» Task requirements:
Taking only the lines of the data below from the line with "RedHawk Keychain Lanyard" to the line with "Danıştay, Başbakanlık'tan Sur", ends included, write them out exactly and without pictures.

___ Entries shown ___

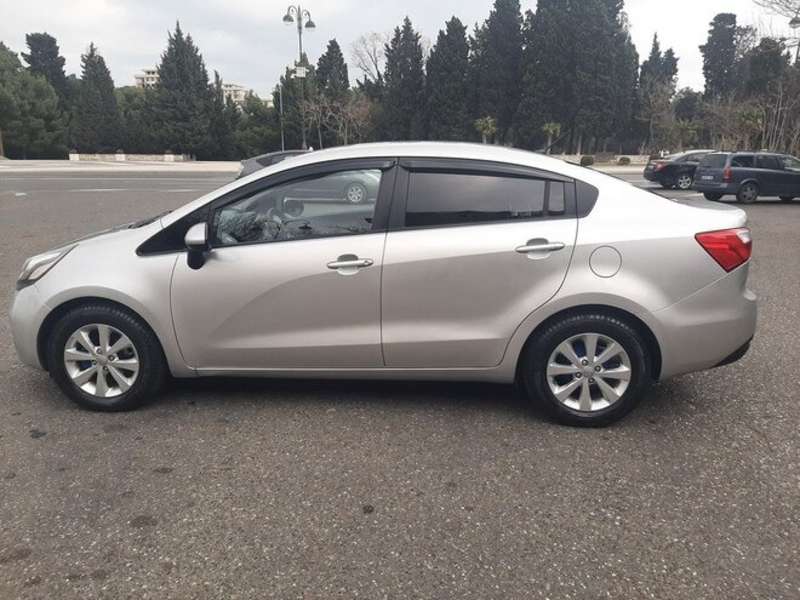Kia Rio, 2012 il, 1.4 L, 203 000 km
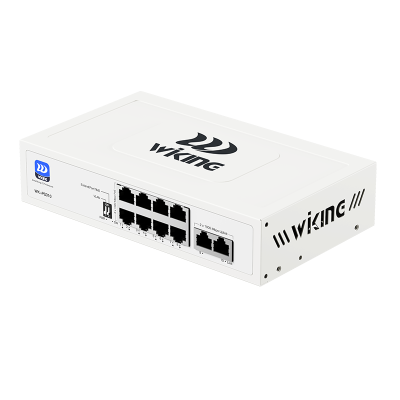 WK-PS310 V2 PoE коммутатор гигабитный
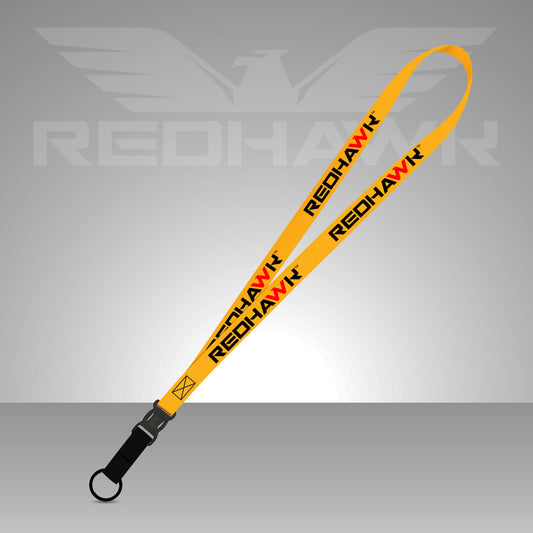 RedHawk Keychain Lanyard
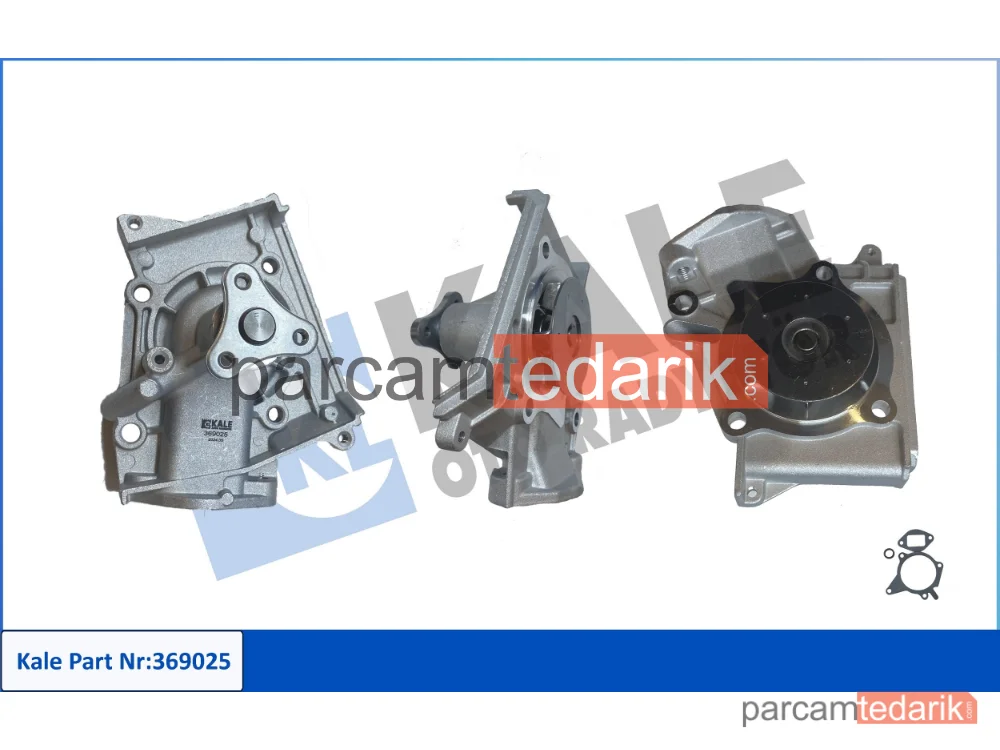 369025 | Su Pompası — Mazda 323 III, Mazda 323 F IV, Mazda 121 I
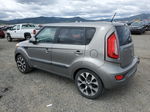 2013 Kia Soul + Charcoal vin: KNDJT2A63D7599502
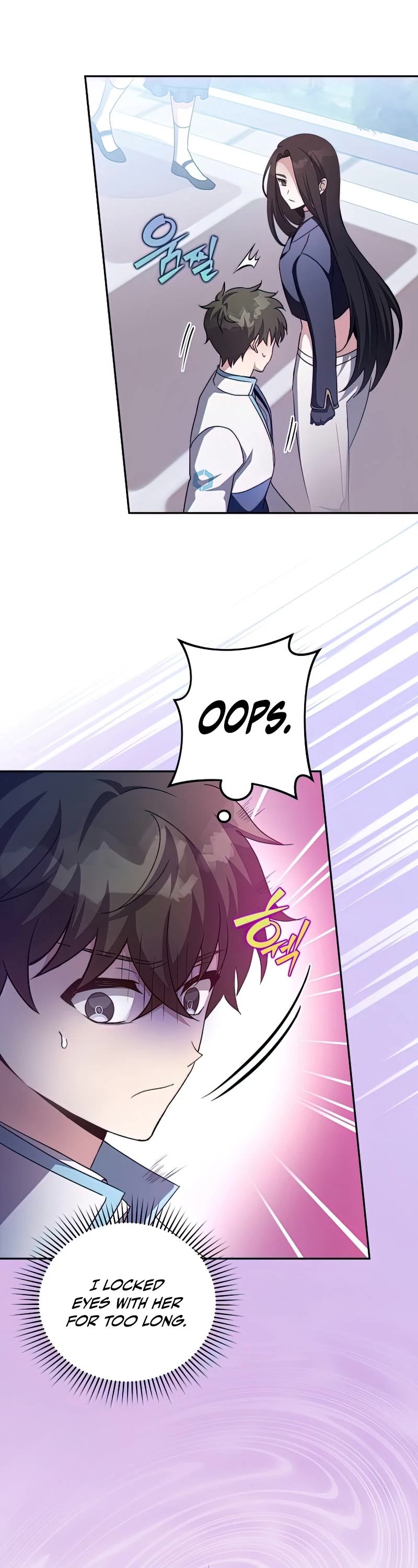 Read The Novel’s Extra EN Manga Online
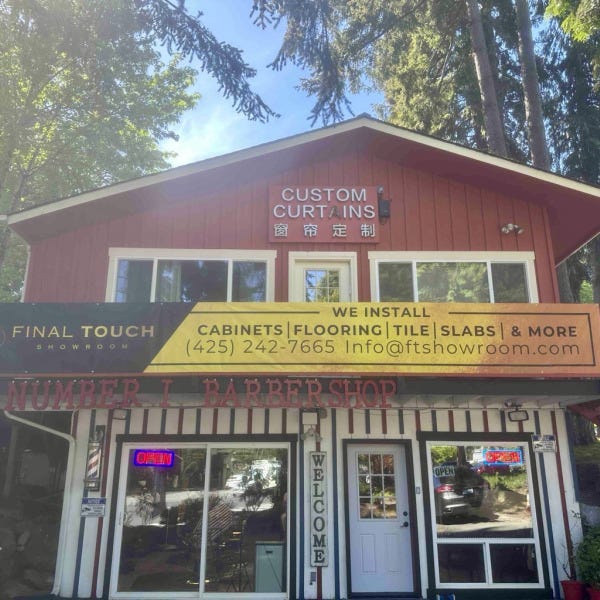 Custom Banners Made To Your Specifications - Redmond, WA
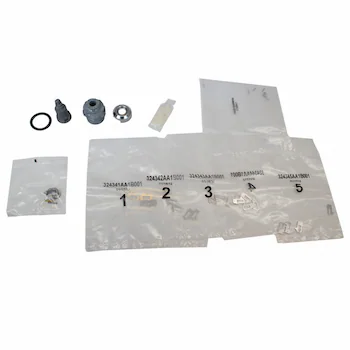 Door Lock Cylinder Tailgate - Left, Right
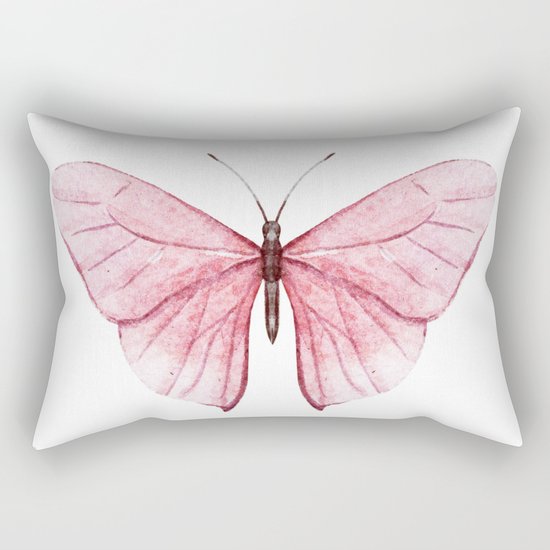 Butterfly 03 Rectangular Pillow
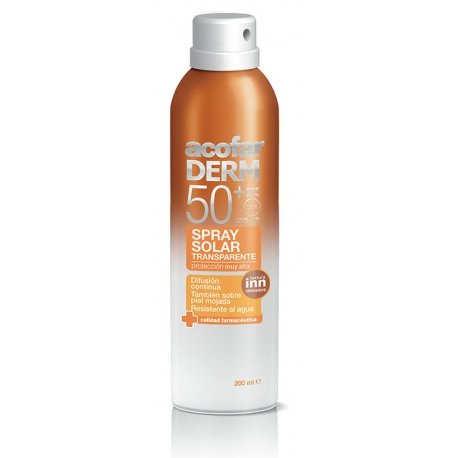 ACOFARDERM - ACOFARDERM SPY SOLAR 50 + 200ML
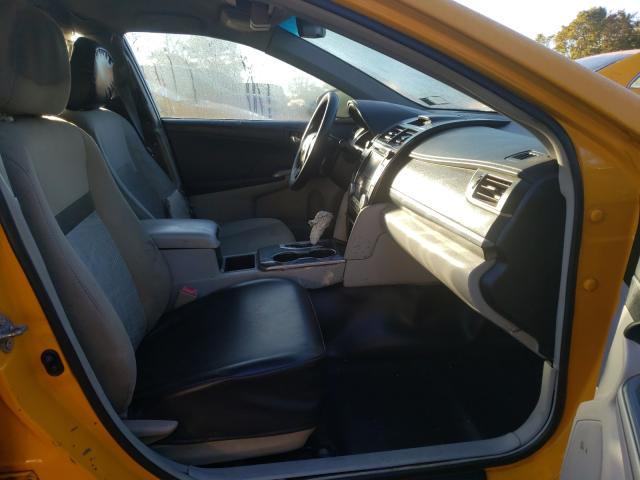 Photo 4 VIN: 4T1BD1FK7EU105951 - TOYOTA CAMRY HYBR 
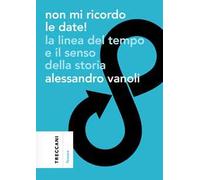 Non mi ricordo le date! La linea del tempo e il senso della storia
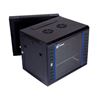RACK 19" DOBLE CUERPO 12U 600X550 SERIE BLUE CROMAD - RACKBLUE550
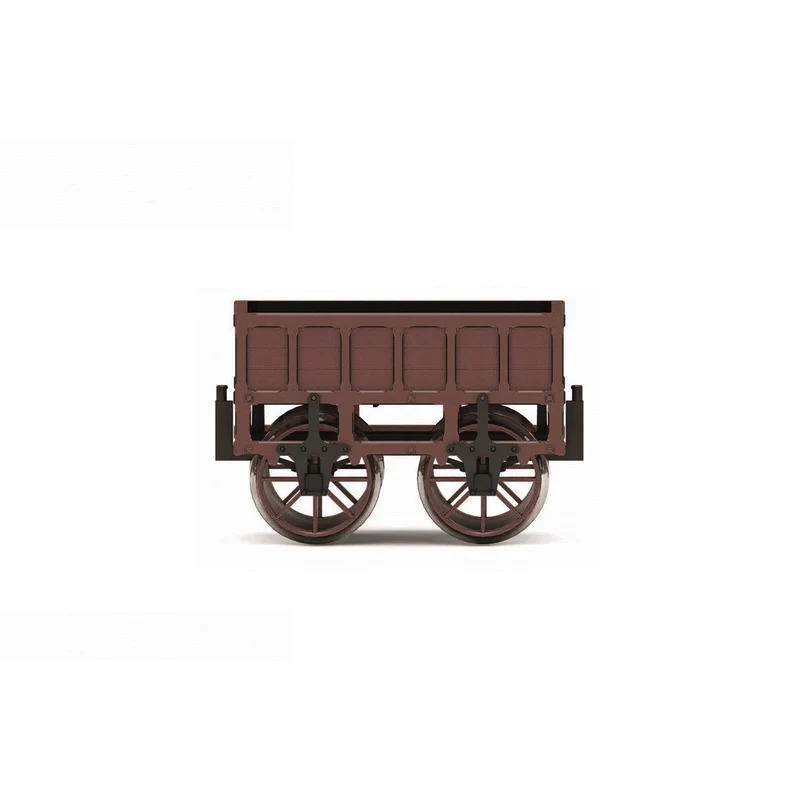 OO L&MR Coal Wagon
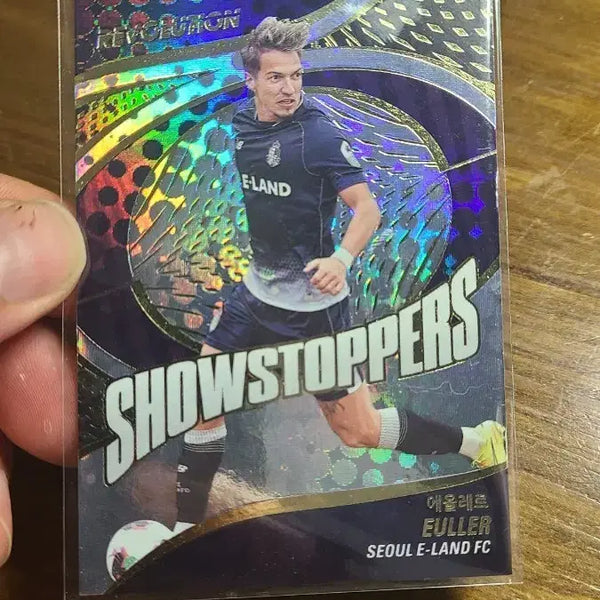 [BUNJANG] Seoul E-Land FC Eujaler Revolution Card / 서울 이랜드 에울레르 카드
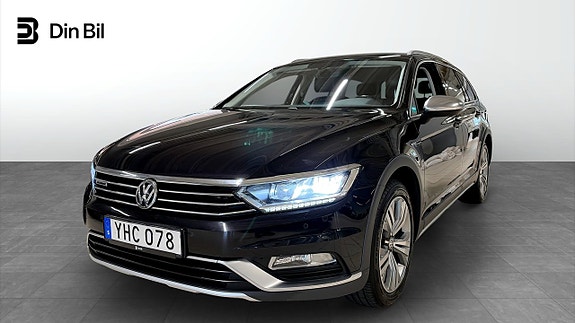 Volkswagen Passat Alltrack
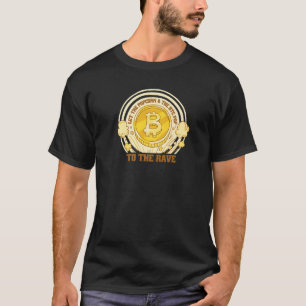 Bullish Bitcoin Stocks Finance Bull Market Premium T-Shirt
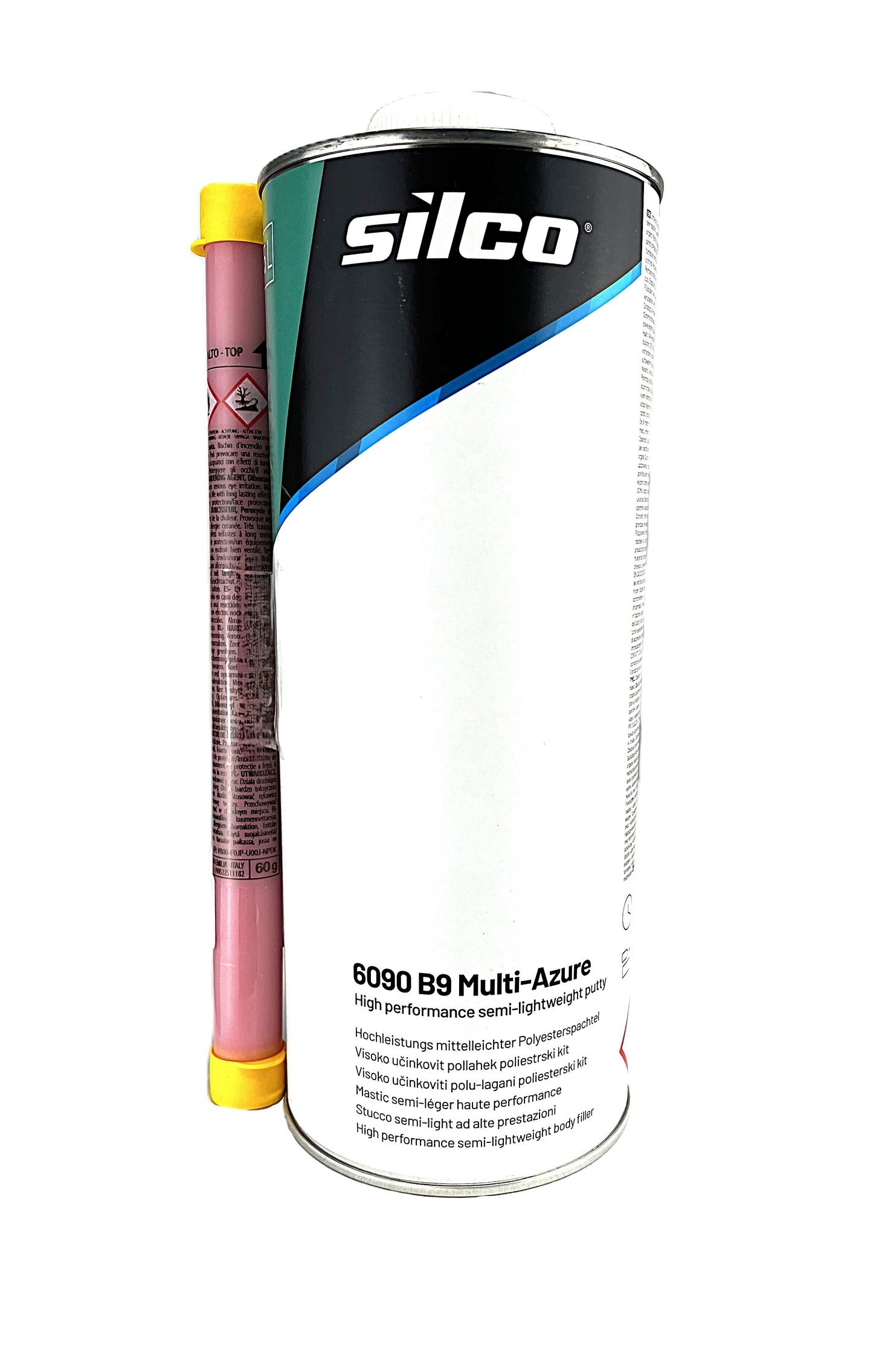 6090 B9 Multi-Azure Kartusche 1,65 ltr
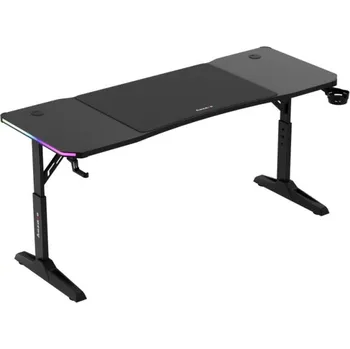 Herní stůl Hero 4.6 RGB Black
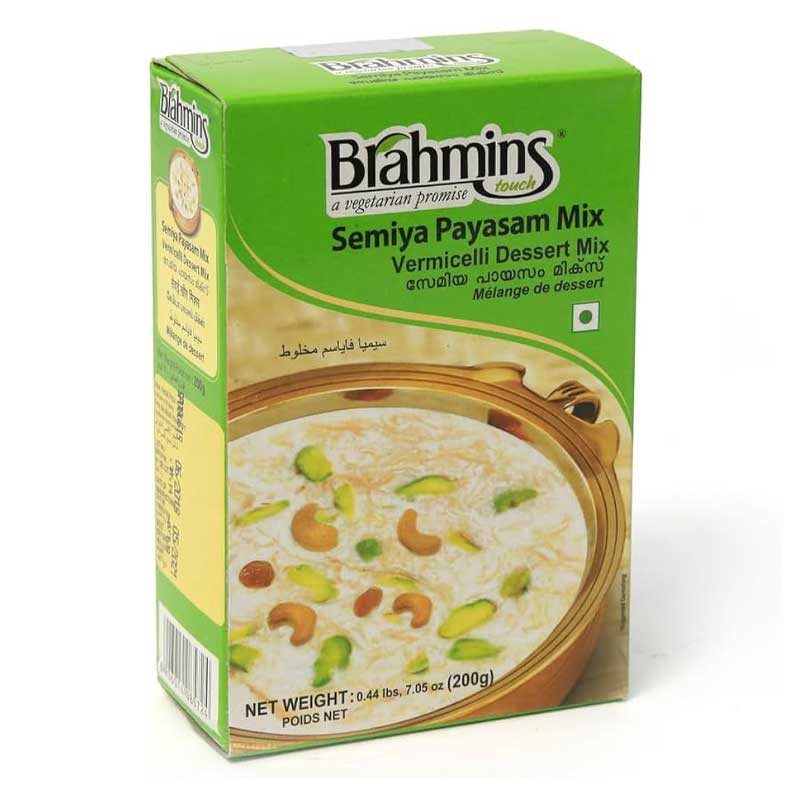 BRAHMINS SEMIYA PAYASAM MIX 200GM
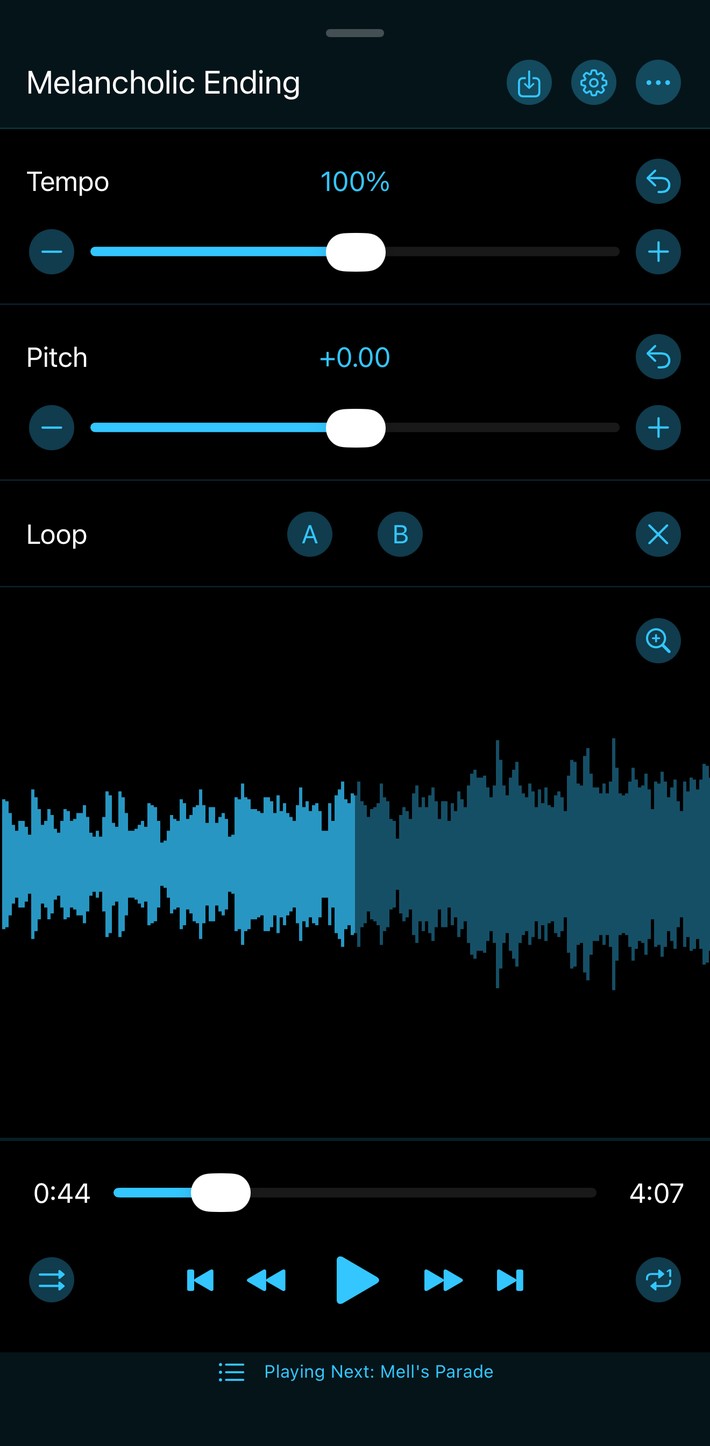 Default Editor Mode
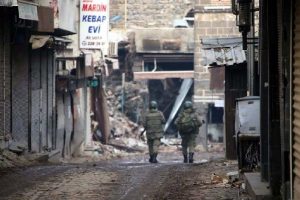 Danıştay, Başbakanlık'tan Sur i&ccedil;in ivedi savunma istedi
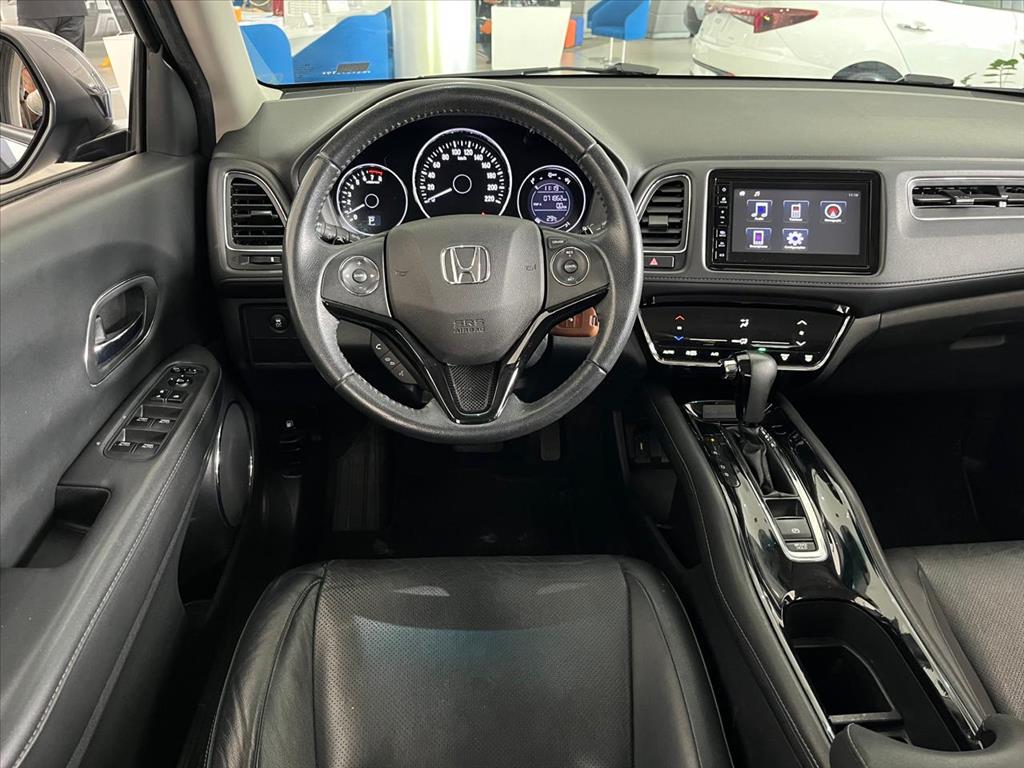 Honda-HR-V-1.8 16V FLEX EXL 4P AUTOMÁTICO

___

» The answer:
 RedHawk Keychain Lanyard
 369025 | Su Pompası — Mazda 323 III, Mazda 323 F IV, Mazda 121 I
 2013 Kia Soul + Charcoal vin: KNDJT2A63D7599502
 Read The Novel’s Extra EN Manga Online
 Custom Banners Made To Your Specifications - Redmond, WA
 Door Lock Cylinder Tailgate - Left, Right
 Butterfly 03 Rectangular Pillow
 ACOFARDERM - ACOFARDERM SPY SOLAR 50 + 200ML
 Photo 4 VIN: 4T1BD1FK7EU105951 - TOYOTA CAMRY HYBR 
 Non mi ricordo le date! La linea del tempo e il senso della storia
RACK 19" DOBLE CUERPO 12U 600X550 SERIE BLUE CROMAD - RACKBLUE550
 OO L&MR Coal Wagon
 [BUNJANG] Seoul E-Land FC Eujaler Revolution Card / 서울 이랜드 에울레르 카드
 Volkswagen Passat Alltrack
 Bullish Bitcoin Stocks Finance Bull Market Premium T-Shirt
 6090 B9 Multi-Azure Kartusche 1,65 ltr
 Herní stůl Hero 4.6 RGB Black
 BRAHMINS SEMIYA PAYASAM MIX 200GM
 Default Editor Mode
 Danıştay, Başbakanlık'tan Sur i&ccedil;in ivedi savunma istedi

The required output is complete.